Eles me ouviram e não investiram. O empreendedor conseguiu outros investidores e mergulhou de cabeça no modelo que acreditava. Mas teve a sabedoria de reconhecer muito rapidamente que era de fato inviável e abandonar o plano inicial remodelando-o em outra direção longe de MVNO.

Enquanto persistisse a situação de “livre negociação” definida pela Resolução 550 da Anatel que regulamentou o segmento, ele era inviável exceto em situações muito particulares.

Como não sou apenas um dirigente de associação mas estou envolvido diretamente no setor, preciso balancear minha sinceridade e o desejo de contribuir com o segmento sem prejudicar meus próprios planos. Espero continuar a fazer isto e merecer o credito de meus pares e analistas como do Mobile Time.

Há um ex-presidente da Anatel que dizia que se o preço da farinha for superior ao do pão o negocio da padaria é inviável. Isto é de uma obviedade colossal. Mas mais do que isto: quando se fala assim faz soar que o negócio de uma padaria é simples: comprar farinha e vender pão. Pra quem pensa assim sugiro que gaste uma meia hoje dentro de uma das centenas de boas padarias no Brasil e em especial de São Paulo. Se alguém achar que sua gestão é algo simples então não entende de gestão….Pessoal, dezenas de tipos de pães, biscoitos, doces, mesas, café-almoço-jantar, suprimentos, impostos, pessoal, trabalhista, regras sanitárias, custo do ponto e do aluguel: vender pão em um mercado competitivo como este não tem nada de simples.

Da mesma forma é o negócio das MVNOs: se alguém acha que se trata apenas de comprar tráfego no atacado e vender no varejo, está muito enganado. Este setor é o de telefonia móvel celular com toda sua complexidade: qualidade da rede e seus serviços, planos, marca, distribuição, concorrência, serviço ao cliente, churn. É tão complexo quanto o de uma padaria.

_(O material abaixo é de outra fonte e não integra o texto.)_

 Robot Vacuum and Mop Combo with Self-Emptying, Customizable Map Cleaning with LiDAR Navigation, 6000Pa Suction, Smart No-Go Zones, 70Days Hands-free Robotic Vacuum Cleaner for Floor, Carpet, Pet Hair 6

No Brasil surgiram os chamados agregadores, que resolvem uma parte importante do problema. Surf, Datora, Telecall, em alguma medida Americanet e agora Algar, vieram ocupar este espaço e permitir que empresas mais voltadas à comercialização possam atuar cuidando apenas de uma parcela da complexidade.

Mas, por outro lado, torna ainda mais grave a questão das margens, que já são apertadíssimas para quem se pendura na MNO tendo alguém (ainda que realizando um trabalho importante) no meio.

Tenho dito também que acredito na presença de varejistas no mercado de MVNOs pois endereçam bem as variáveis ‘marca’ e ‘distribuição’, em especial pela forma como os distribuidores de recarga de pré-pago vêm sendo dizimados pelas operadoras – perspectiva talvez atenuada pelos graves problemas que o varejo em geral o Brasil atravessa, pelo menos no curto prazo.

As movimentações recentes da Algar, que é grande quando comparada aos demais players que não são operadoras, e presumindo que acertou seu modelo regulatório, deve oferecer novidades.

Mas o grande evento a oferecer alguma esperança foi a exigência das ORPAS de MVNO colocadas pelo CADE como condição para aprovação da venda da Oi. Este foi o primeiro divisor de águas importante desde a Resolução 550, mas ainda não é suficiente.

Os aumentos coordenados de preços praticados pelas operadoras e o crescimento de seus lucros logo após a compra da Oi favoreceram a iniciativa determinada da Anatel de propor a inclusão do MVNO no PGMC (Plano Geral de Metas de Competição), cuja revisão está em suas etapas finais – e o segmento MVNO espera confiante que seja aprovada.

Aí ficará a questão final e definitiva: preços reais de atacado nas ORPAs das operadoras. Os preços definidos nas ORPAs inicias são absolutamente inviáveis e irreais. Esta é a grande batalha que se aproxima ainda neste ano e, a meu ver, definirá se o segmento é de fato viável e capaz de cumprir sua missão de oferecer competição real em beneficio do consumidor brasileiro!  Ou se iremos continuar a deixá-lo à mercê de um pequeno cartel.

Vencida esta batalha poderemos focarr em atacar outros problemas urgentes: a revenda ilegal de serviços, os falsos SVAs, os falsos contratos corporativos, as Cooperativas….tem muita coisa acontecendo à margem da legislação que precisamos fazer com que a agência de fato atue para sanear esta parcela relevante do mercado.